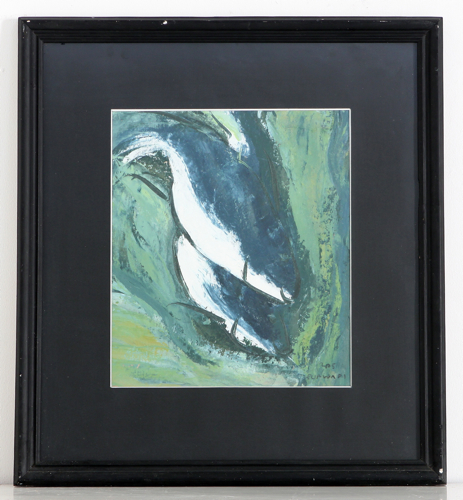 Fish on Green by Purwadi Original Fine Art from Ketut Rudi
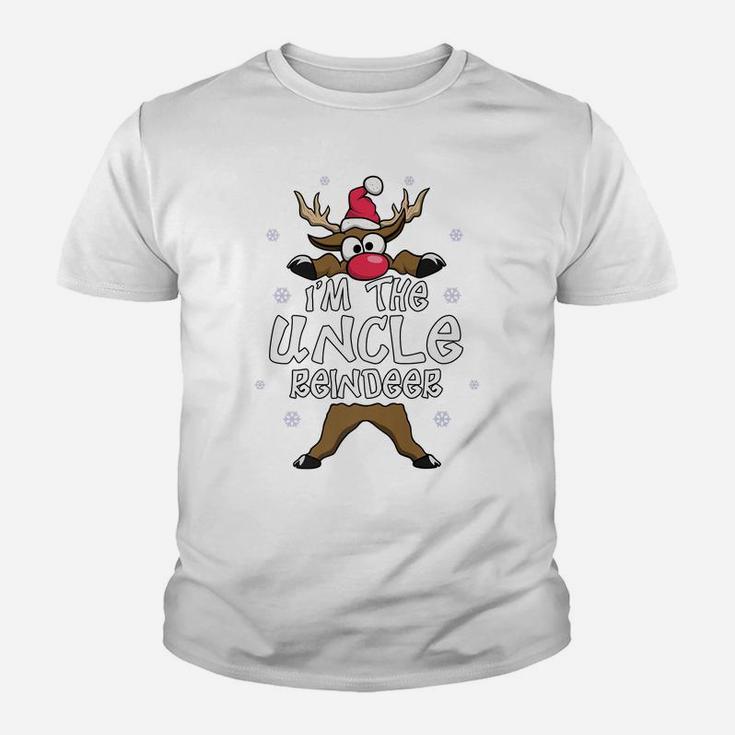 Im The Uncle Reindeer Cute Matching Family Christmas Pj Youth T-shirt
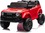 Elektrické autíčko Toyota Landcruiser 12V, červené, široké jednomiestne sedadlo, 2,4 GHz d
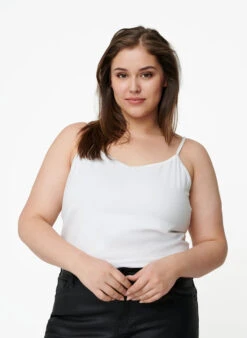 Zizzi Basic Cotton Spaghetti Strap Top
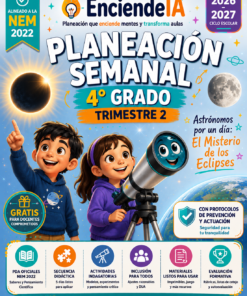 Planeación Semanal 4.º de Primaria · Trimestre 2 · El Misterio de los Eclipses | NEM 2026-2027 · STEAM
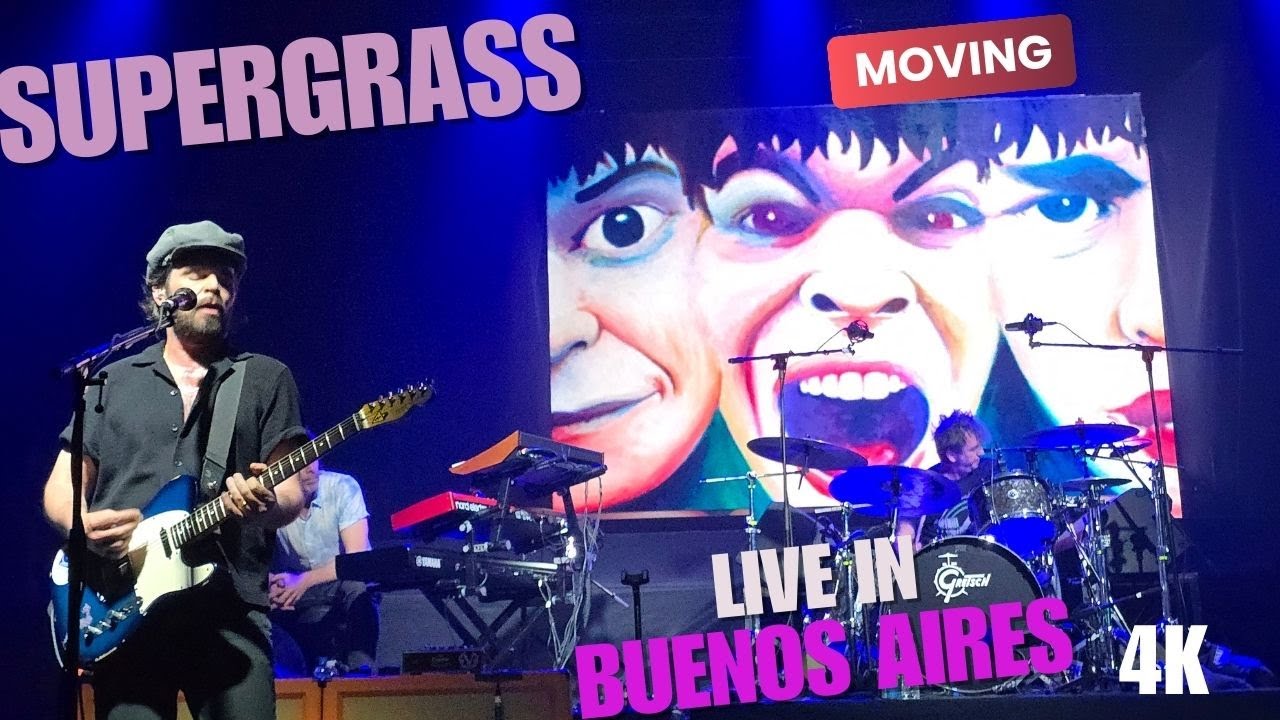 Supergrass. Moving.  29/08/2025. Live in C Art Media. Buenos Aires, Argentina.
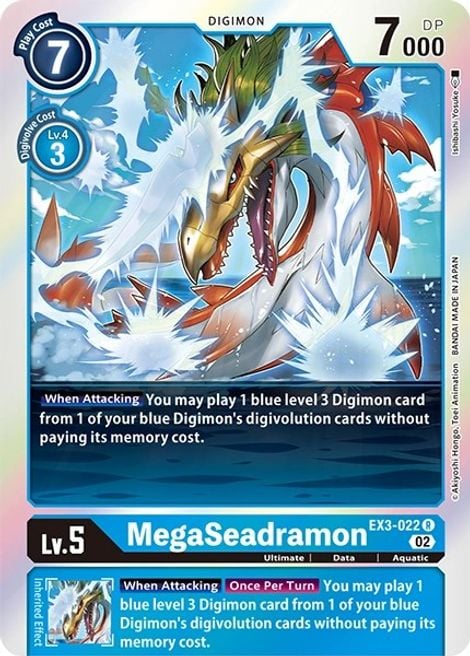 MegaSeadramon EX3-022 [ Inglese / Giapponese ]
= = = = = = =
# [TASK REQUIREMENTS]
When you reach the line that has "Im The Uncle" in the data above, start repeating lines exactly, and stop after the line that has "Planeación Semanal 4.º"; pictures stay out.

# [RESPONSE TO THIS EXERCISE]
 Im The Uncle Reindeer Cute Matching Family Christmas Pj Youth T-shirt
 Elektrické autíčko Toyota Landcruiser 12V, červené, široké jednomiestne sedadlo, 2,4 GHz d
 Zizzi Basic Cotton Spaghetti Strap Top
 Planeación Semanal 4.º de Primaria · Trimestre 2 · El Misterio de los Eclipses | NEM 2026-2027 · STEAM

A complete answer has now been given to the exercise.